2. Elementos centrais do ministério e da vida dos presbíteros8

a) A identidade do presbítero

5. A identidade do sacerdote deve ser meditada no âmbito da vontade divina de salvação, porque fruto da acção sacramental do Espírito Santo, participação da acção salvífica de Cristo e porque orientada plenamente ao serviço de tal acção na Igreja, no seu contínuo desenvolvimento ao longo da história. Trata-se de uma identidade tridimensional, pneumatológica, cristológica e eclesiológica. Não se pode perder de vista esta arquitectura teológica primordial do mistério do sacerdote, chamado a ser ministro da salvação, para poder esclarecer depois, de modo apropriado, o significado do seu ministério pastoral concreto na paróquia9 . Ele é o servo de Cristo para ser, a partir dele, por ele e com ele, servo dos homens. O seu ser ontologicamente assimilado a Cristo constitui o fundamento do ser ordenado para o serviço da comunidade. A pertença total a Cristo, tão convenientemente potenciada e evidenciada pelo sagrado celibato, faz com que o sacerdote esteja ao serviço de todos. Com efeito, o dom admirável do celibato10 recebe luz e motivação da assimilação à doação nupcial do Filho de Deus crucificado e ressuscitado à humanidade redimida e renovada.
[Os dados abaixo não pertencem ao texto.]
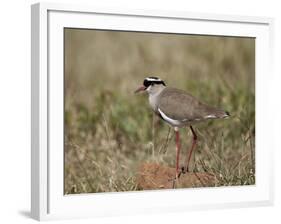 Crowned Plover (Crowned Lapwing) (Vanellus Coronatus)-James Hager-Framed Photographic Print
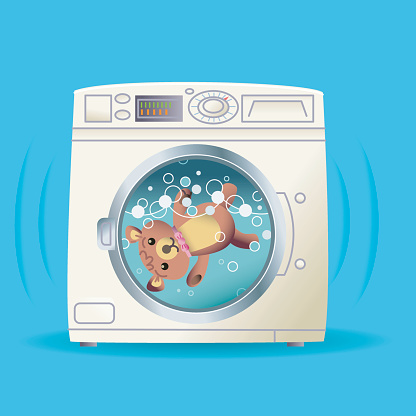 Teddy in the washing machine
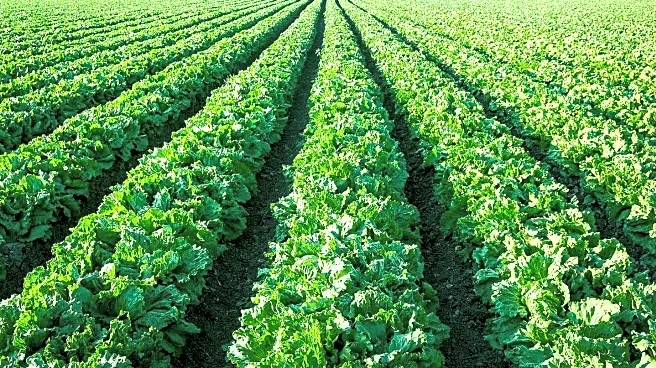 AgriFund Connect Summit to Explore Agricultural Growth and Transformation in Africa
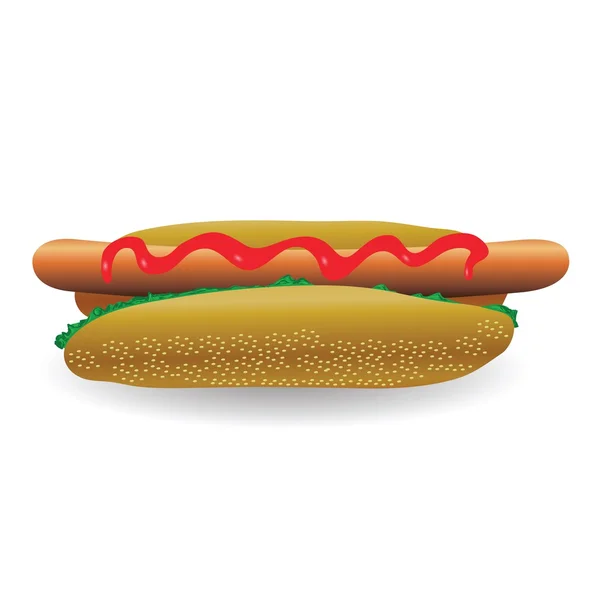 Čerstvý hot dog — Stockový vektor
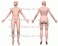 3D Body Chart Image: Dermatome with Skeleton
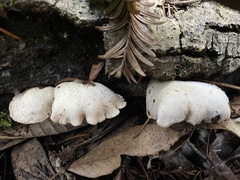 Hohenbuehelia auriscalpium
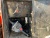 ГНБ DITCH WITCH JT3020 купить в компании Рабочие Машины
O ser e o agir do sacerdote - a sua pessoa consagrada e o seu ministério – são realidades teologicamente inseparáveis e têm como finalidade o serviço ao desenvolvimento da missão da Igreja11 : a salvação eterna de todos os homens. No mistério da Igreja – revelada como Corpo Místico de Cristo e Povo de Deus que caminha na história, estabelecida como sacramento universal de salvação12 - encontra-se e descobre-se a razão profunda do sacerdócio ministerial. “A tal ponto que a comunidade eclesial tem absoluta necessidade do sacerdócio ministerial para que Cristo, Cabeça e Pastor, esteja presente na mesma”13 .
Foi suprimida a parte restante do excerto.